The family has followed up by submitting a judicial protest on Wednesday, submitted by lawyers Kris Busietta, Jason Azzopardi and Alessandro Farrugia.
The prosecution’s failure
Referring to “disagreements” (battibekki) between police officers and OHSA officials while testifying, the court explicitly stated that it “hopes that these two entities are now working together more peacefully for the betterment of society.”
The prosecution charged three persons with a total of 11 offences linked to Bartolo’s death: Construct Furniture director and primary shareholder John Agius, floor manager Amanda Cefai, and foreman James Cefai.
Out of those 11 charges – the most significant of which was for involuntary homicide – the prosecution managed to prove just one: that Agius, in his role as the employer, failed to ensure that an adequate risk assessment was carried out before employing a 17-year-old with no experience in “a very high risk” environment.

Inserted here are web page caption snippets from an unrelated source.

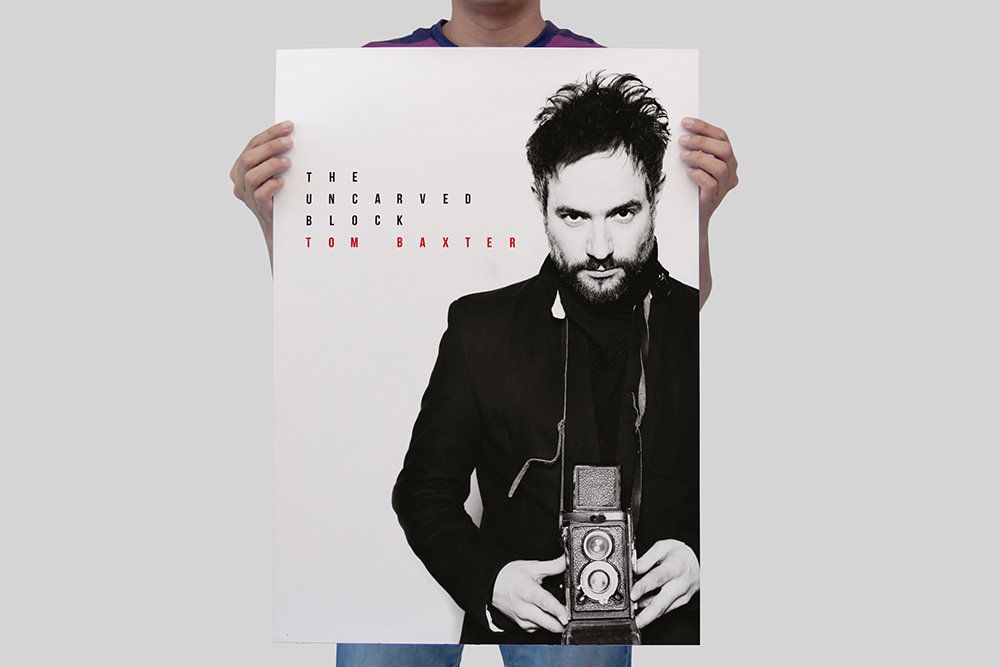 Poster Mockup 03 – Tom Baxter – originalmockups.com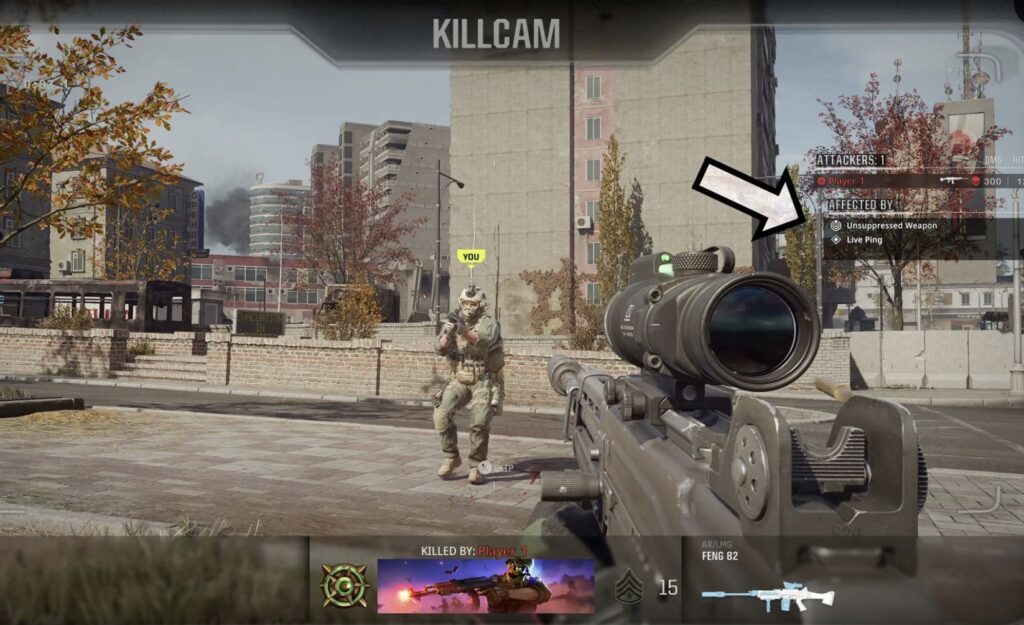 Mostantól még egyszerűbben szúrhatod ki a Warzone csalókat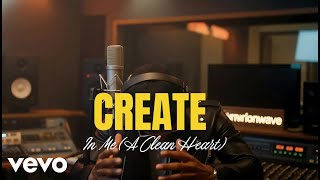 Zionwave - Create In Me Official Music Video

Besides failing to prove involuntary homicide, the prosecution also failed to prove criminal negligence, a failure to ensure adequate health and safety precautions, a failure to keep detailed records, a failure to carry out systemic evaluations of risk and safety, falsification of signatures on training sheets and attendance registries, making false declarations to the authorities, knowingly providing false documents as evidence, and tampering with evidence.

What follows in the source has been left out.